Tell me again about how everyone in Minnesota gets a fair shot.
Given this state of affairs, we should not be surprised that Minnesota has some of the worst racial gaps in the country when it comes to health outcomes, education and wealth.
The grassroots effort to turn it around
Luckily, some Minnesotans are trying to turn it around.
Moore was a mentor of Craft, an enrolled member of the White Earth Nation who lives in Maple Grove and started a lactation support circle a few years ago for Indigenous women. They meet twice a month and have expanded the circle to women in 16 states, Ecuador, Mexico and Canadian provinces.
Craft pointed out the historical atrocities that undermined the practice of breastfeeding, including colonization, forced relocation and assimilation via boarding schools.
Or, people moved into a modern America that turned its back on a vital tool of family development.
“People moved from reservations to urban areas to find a job or vocation and they didn’t have support like you would in a traditional community,” she said.
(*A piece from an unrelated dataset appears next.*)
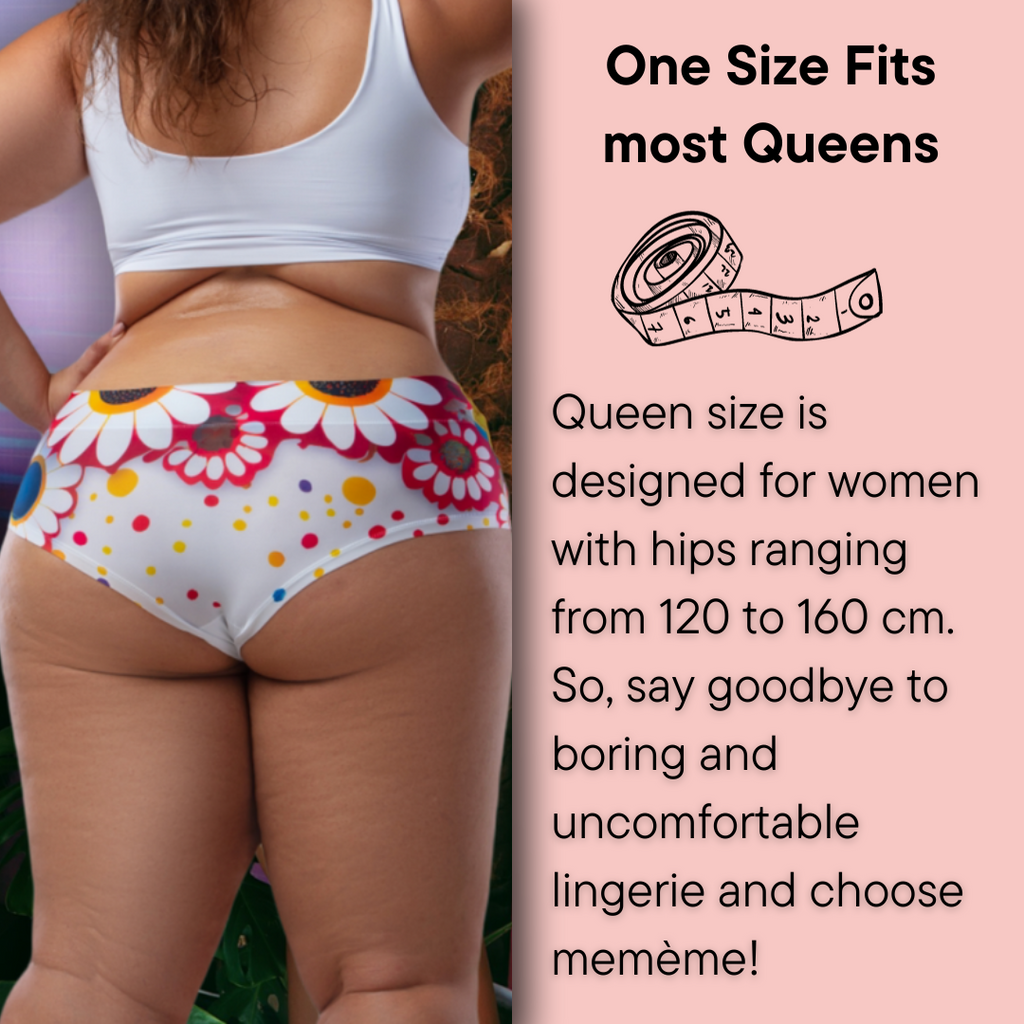 Memème Women’s Ultra-Comfortable Butterfly– Bliss  - Queen Size Panties | Original Prints, Unique Designs | Breathable Cotton Crotch, Stretchy Fit, Soft Flat Seams, No Elastic Bands | Style: High Waisted Brief | Everyday Use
Support is everything, which is why Moore and Craft are so focused on creating communities of Black and Indigenous women who can help and nurture each other and will make breastfeeding the primary source of nutrition for newborns.
What we can do
So, how can we help them?
Not every mom and infant even sees a lactation professional, and even if they do, the providers are overwhelmingly white.
We need more Black, Indigenous and Hmong lactation educators, which means recruiting them but also lowering barriers to entry. Women with this knowledge should be paid a living wage, and they shouldn’t have to attain a bunch of titles that require expensive and burdensome college prerequisites. As Moore pointed out, the barriers to the field are themselves racist.
Moore and Craft say they struggle to get fully reimbursed by insurance companies. Fix it.
We need to fully fund MDH’s WIC peer program, which matches moms who were previously WIC clients with new moms. We know it works, but without full funding, we don’t have it across the state. MDH receives $1.4 million from the U.S. Department of Agriculture for the program. We need at least double that number to fully fund it, MDH tells me.
We also need paid family leave. New moms (and dads, who can help out at home) need months — not weeks — of paid leave, so they can focus on what’s most important: feeding, nurturing and bonding with their child. This is a given in other rich democracies.
Given the improved health and cognitive outcomes of breastfed babies, these small investments now would pay big dividends down the road in reduced spending on social services and the criminal justice system. “The benefits are so great that it’s one of those practices we can’t afford not to be doing,” Moore told me.
We hear a lot of talk in politics about supporting families.
If you’re not taking concrete steps like these to help families who want to breastfeed, then it’s just that — talk.